[[ RECORDS FOR THIS EXERCISE, beginning ]]
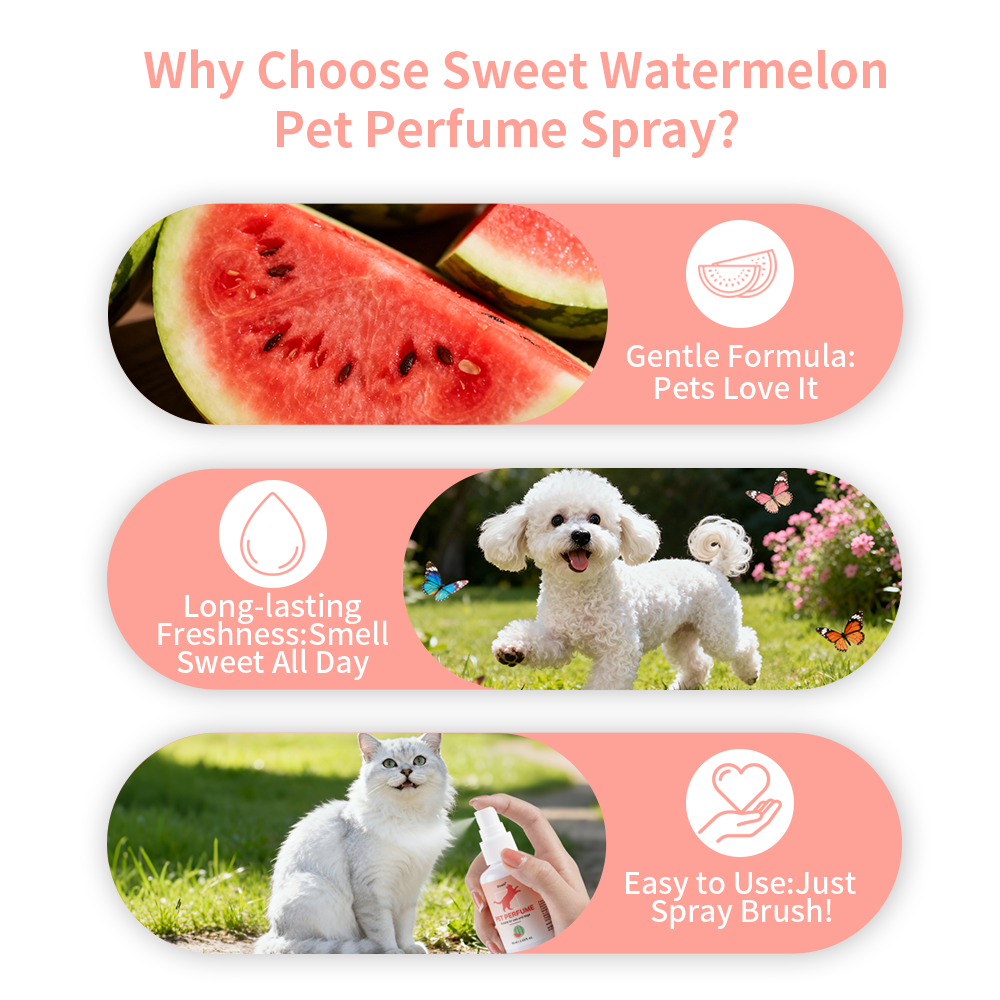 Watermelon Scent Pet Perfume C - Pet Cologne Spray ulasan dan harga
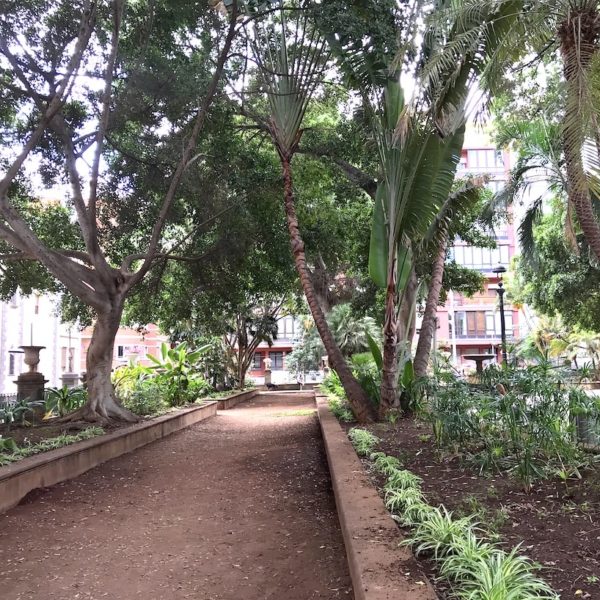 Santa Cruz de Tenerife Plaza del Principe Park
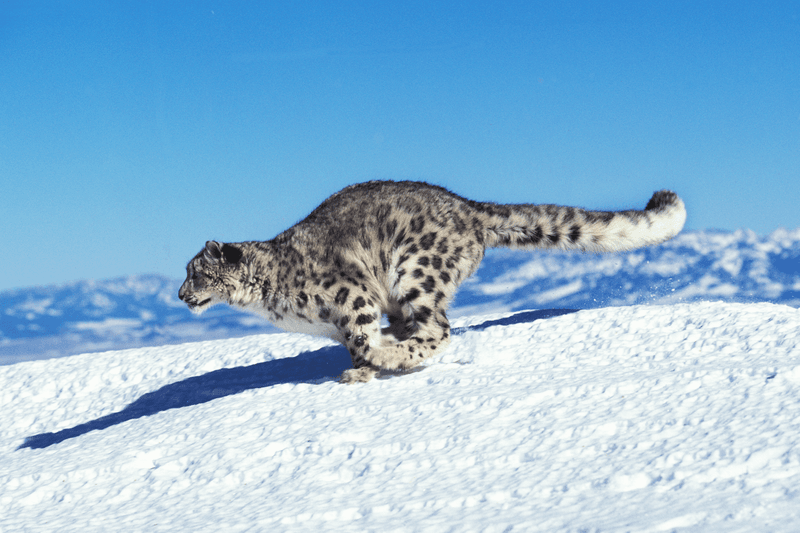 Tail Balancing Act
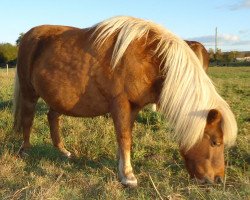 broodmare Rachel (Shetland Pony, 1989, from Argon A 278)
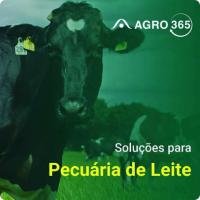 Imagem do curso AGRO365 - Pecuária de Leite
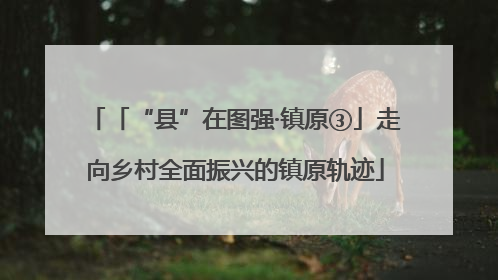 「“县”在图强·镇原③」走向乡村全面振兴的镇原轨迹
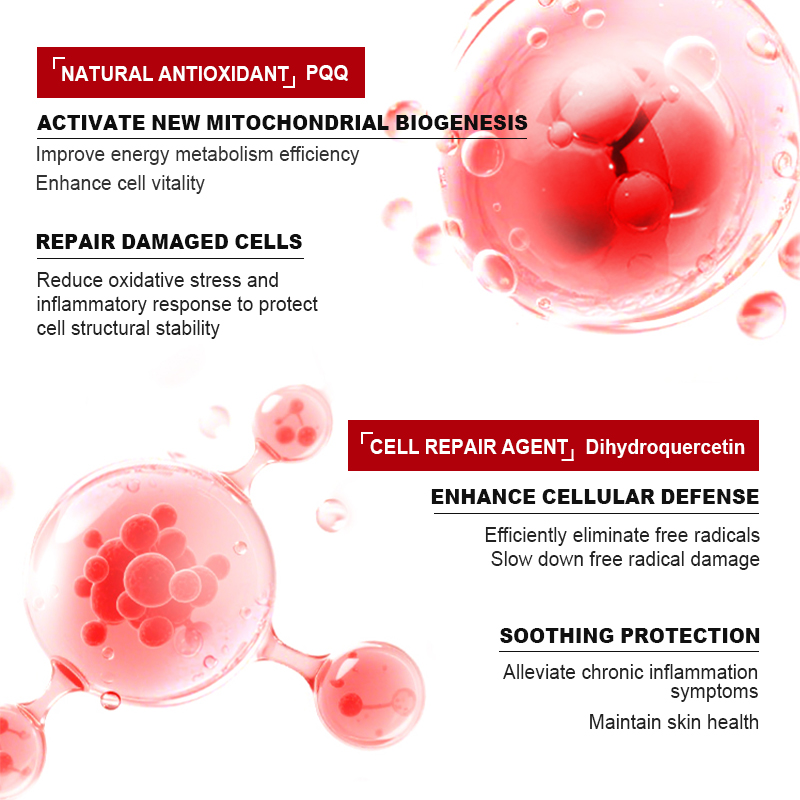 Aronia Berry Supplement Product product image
[[ RECORDS FOR THIS EXERCISE, end ]]
▶ [WHAT THIS TASK INVOLVES] Output every entry above exactly, minus the pictures.

▶ [WRITTEN RESPONSE]
 Watermelon Scent Pet Perfume C - Pet Cologne Spray ulasan dan harga
 Santa Cruz de Tenerife Plaza del Principe Park
 Tail Balancing Act
 broodmare Rachel (Shetland Pony, 1989, from Argon A 278)
 Imagem do curso AGRO365 - Pecuária de Leite
 「“县”在图强·镇原③」走向乡村全面振兴的镇原轨迹
 Aronia Berry Supplement Product product image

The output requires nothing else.